O after taste, ou o gostinho de quero mais, é o que diferencia do café especial dos comuns
Para se obter um bom espresso, é necessário um bom blend, que são composições com grãos especiais de diversas partes do mundo.
— O comum, também conhecido como convencional, tem cuidados e investimentos menores em relação à produção de um café especial. Esses cuidados envolvem a aplicação de tratos culturais nas lavouras, colheita seletiva de frutos-cerejas, possibilidade de processos de lavagem e despolpamento e secagem a temperaturas e condições ideais para a preservação da melhor qualidade dos frutos, além de processos de torra que se adaptem melhor a cada variedade de grãos. Para o consumidor, o café especial é aquele que deixa um after taste de quero mais, um sabor agradável que nos instiga a querer beber mais. Alguns conceituam o gourmet como especial. Na realidade, o consideramos uma das categorias de café especial, que envolvem diretamente a qualidade do produto — afirma à Comunità a diretora da Associação Brasileira de Cafés Especiais (BSCA), Vanusia Nogueira.

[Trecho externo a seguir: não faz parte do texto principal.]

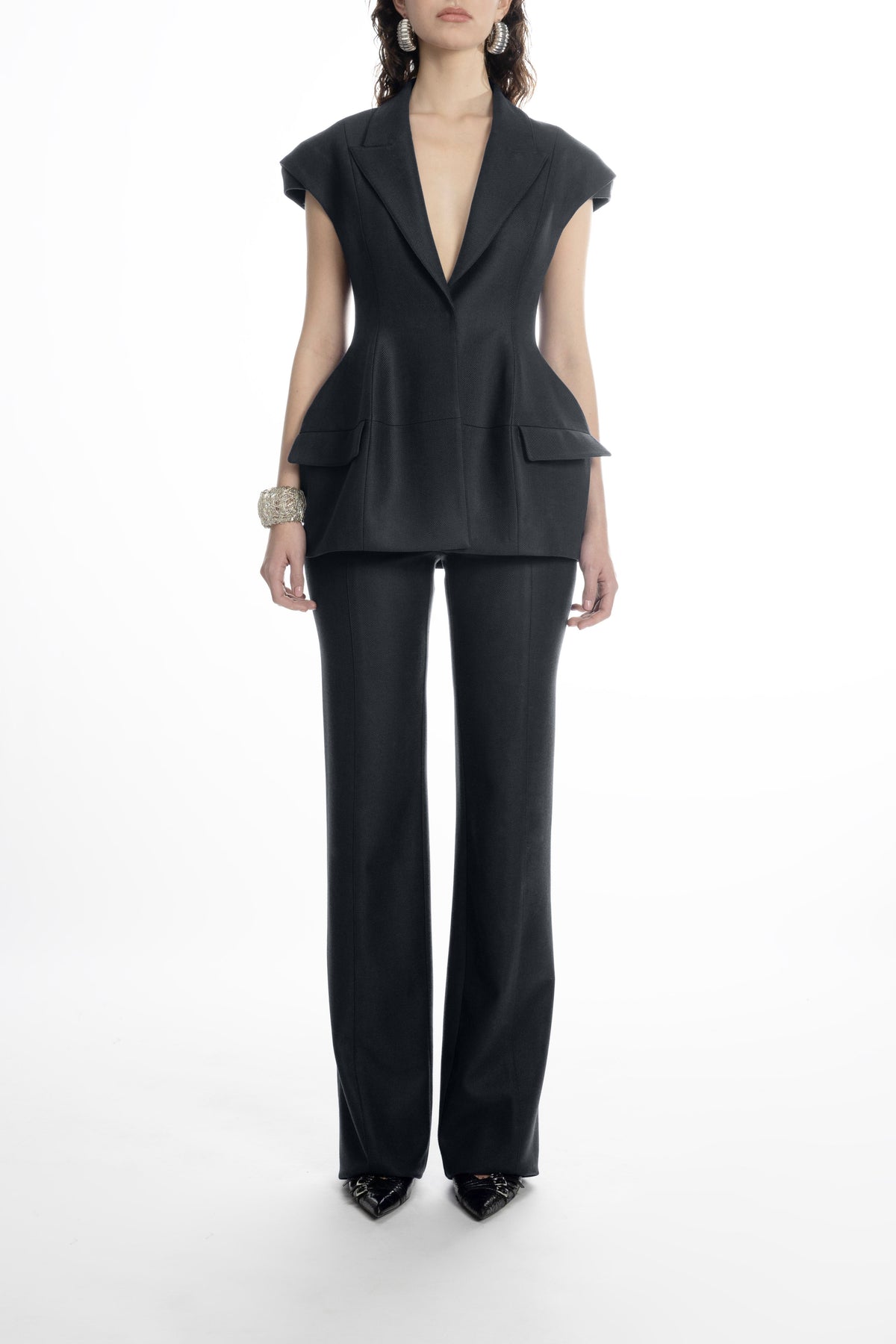 Women’s black hip-length blazer with sharp lapels and cap sleeves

Para ela, a mudança reflete todo um trabalho qualitativo do setor de produção, que passou a entregar cafés cada vez melhores e com qualidade elevada.
— Também foi fundamental o investimento realizado por cafeterias e casas de café, as quais, além de investirem na aquisição dos grãos especiais, passaram a fornecer um ambiente que se adequava às necessidades dos consumidores, com refeições e aperitivos com foco na alta gastronomia, com a possibilidade de realizar de reuniões de negócios ou mesmo socialização com direito à degustação de excelentes cafés ou bebidas à base de café — ressalta.
Segundo a BSCA, o Brasil produz cerca de cinco milhões de sacas de cafés especiais, montante que representa 10% da produção nacional anual. Os blends consumidos no país geralmente são importados já torrados, pois a legislação brasileira impede a importação de café verde de outros países. Em abril, a Câmara de Comércio Exterior (Camex) publicou a resolução que zera a tarifa de importação para máquinas de uso doméstico e de cápsulas de café torrado e moído. A medida, porém, não ajuda produtores já instalados no Brasil, como a Teichner, que precisa importar cápsulas vazias, que pagam tributos:
— Francamente, acho que se trata de lobby de quem importa cápsulas da Suíça e máquinas da China, considerando a temporalidade da medida e o improviso da portaria. E ainda mais quem já está estabelecido pode pensar em importar máquinas e cápsulas para, em seguida, distribuir e nunca fabricar aqui. Quem não está estabelecido, como poderia tomar conhecimento, decidir implantar o negócio, importar, montar os canais de venda, distribuir o que foi importado? E se conseguir, o segundo lote teria muito mais impostos para o cliente final. Isso sem falar que as cápsulas têm um vencimento real de seis meses — questiona Teichner, que trabalha apenas com grãos provenientes de fazendas em Minas Gerais, Paraná e Rio de Janeiro.